その結果、財務と情報システムが止まってしまうと途端に事業の根幹部分が行き詰まる恐れがあることがわかったので、それぞれの部署に、大地震が起きて社員が本社に出勤できなかったり、本社ビル自体使えなくなったりしたことを想定して、代替策を検討してもらいました。
――本社の管理職・経営層の意識改革というのは、どういう課題意識があったのでしょうか?
上野)BCPを担当する我々の部署が感じている危機感を、他の部署の管理職や経営層に同じような温度感で伝わるかどうかに課題を感じていました。
私も熊本地震の対応をしたことがあるのでわかるのですが、お客さまのお住まいに近いところで実際の物件管理を行っている現場は、災害が起きれば直接お客さまに対応する必要があるので、事業継続に対して非常に意識が高いんです。
近年、自然災害が頻繁に起きていますが、現場は、そのたびに日常業務を維持しながらお客さま対応をするナレッジが蓄積されていっています。

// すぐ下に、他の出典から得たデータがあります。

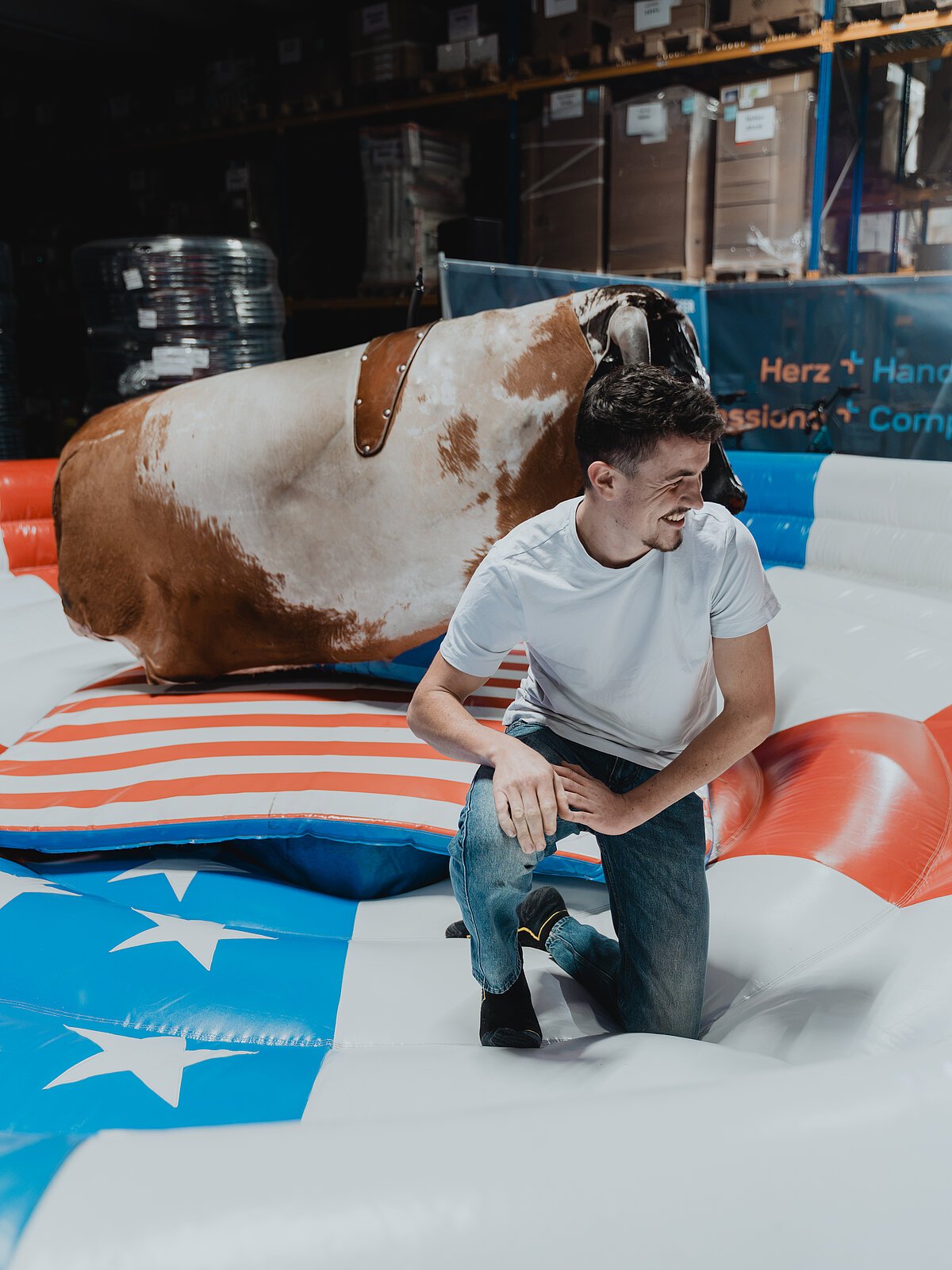 Ein Mann in einem weißen T-Shirt und Jeans kniet lachend auf einem mechanischen Bullen, umgeben von einer aufblasbaren Matte im USA-Flaggen-Design. Im Hintergrund sind Kartons und Regale zu sehen.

一方で、本社が被災したのは東日本大震災の時くらいですが、その時も結果的に本社機能への直接的な影響はありませんでした。
その意味では、現場と本社の間の危機意識や対応力の差がどんどん開いていってしまうのではないかという危機感がありました。
この差をどうやって埋めていくかを考えた時に有効と考えたのがBCPの机上訓練でした。
BCP机上訓練導入のきっかけと感じた手応え
――BCPの机上訓練は、どのような経緯で知ったのですか?
上野)BCPの実効性を高めるために他社はどう取り組んでいるんだろうということが知りたくて、MS&ADインターリスク総研が企画したBCPに取り組む企業の交流会に参加したんですね。そこで他企業との交流も有意義だったのですが、その場で机上訓練の案内があって、まずは私も含め、BCPに関わっている総務購買部の3名で参加しました。
実際に参加してみると机上訓練といっても、事前にシナリオは明らかにされず、被災状況の書かれた「課題カード」が次々に渡されて、BCPに基づいた対応や判断を行う内容で、現場での切迫感だったり、想定していないようなことが起こったりと、災害時の対応を疑似体験できて非常に多くの気づきがありました。同時に、本社の管理職や経営層に受けてもらえば、これまで以上に危機感を持ってもらえるんじゃないかと考えました。
――2025年8月に管理職と経営層を対象にBCPの机上訓練を実施されましたが、期待されたような結果が得られましたか?
上野)一番の目的は、訓練を通して気づきを得たり危機感を持ったりしてほしいということでしたので、その意味では非常に大きな効果があったと考えています。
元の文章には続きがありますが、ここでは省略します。